Do you and your wife have a healthy sex life?
Is she out without you much?
Does she have time that's unaccounted for?
Has she started acting strange in the recent past?


----------



## hotsthrnmess (Dec 5, 2012)

t10eml said:


> I recall while I was sitting with my STBXW once and she got a text message from a "female" friend (according to the contact name) that said:
> 
> "All of a sudden want to meet up. Want to open you up wide!"
> 
> To which she laughed and replied to this "female" friend, "What are you talking about?"


I think it's a little weird to say something like that to a female friend, to be honest. Maybe my mind is in the gutter, but the last sentence has a sexual tone to it. 

I'd be a bit suspicious.


----------



## Will_Kane (Feb 26, 2012)

t10eml said:


> I recall while I was sitting with my STBXW once and she got a text message from a "female" friend (according to the contact name) that said:
> 
> "All of a sudden want to meet up. Want to open you up wide!"
> 
> To which she laughed and replied to this "female" friend, "What are you talking about?"

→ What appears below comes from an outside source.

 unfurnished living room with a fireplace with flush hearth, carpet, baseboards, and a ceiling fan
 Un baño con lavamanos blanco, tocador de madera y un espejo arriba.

Could be an inside joke? Or a guy?

How long ago do you recall this happened?


----------



## Shamwow (Aug 15, 2011)

Hmm...I'd call the number from a pay phone (if you can still find one), or at least a number in no way tied to you. You'll probably get voicemail, should tell you all you need to know. If they answer, you'll have your answer, and just say wrong number and hang up.

Or you can pay 5-10 bucks on a reverse phone lookup and there's a 50/50 chance you'll get info in who it's registered to.
_Posted via Mobile Device_


----------



## Shamwow (Aug 15, 2011)

If that contact is deleted from her contacts or if the phone is now locked, time to be more suspicious. But don't confront until you at least know if she was lying about who the contact was.
_Posted via Mobile Device_


----------



## arbitrator (Feb 13, 2012)

Sorry! But is just screams as being from a man rather than a woman, strictly for its sexual connotation. Can't really see a woman sending a message such as that! 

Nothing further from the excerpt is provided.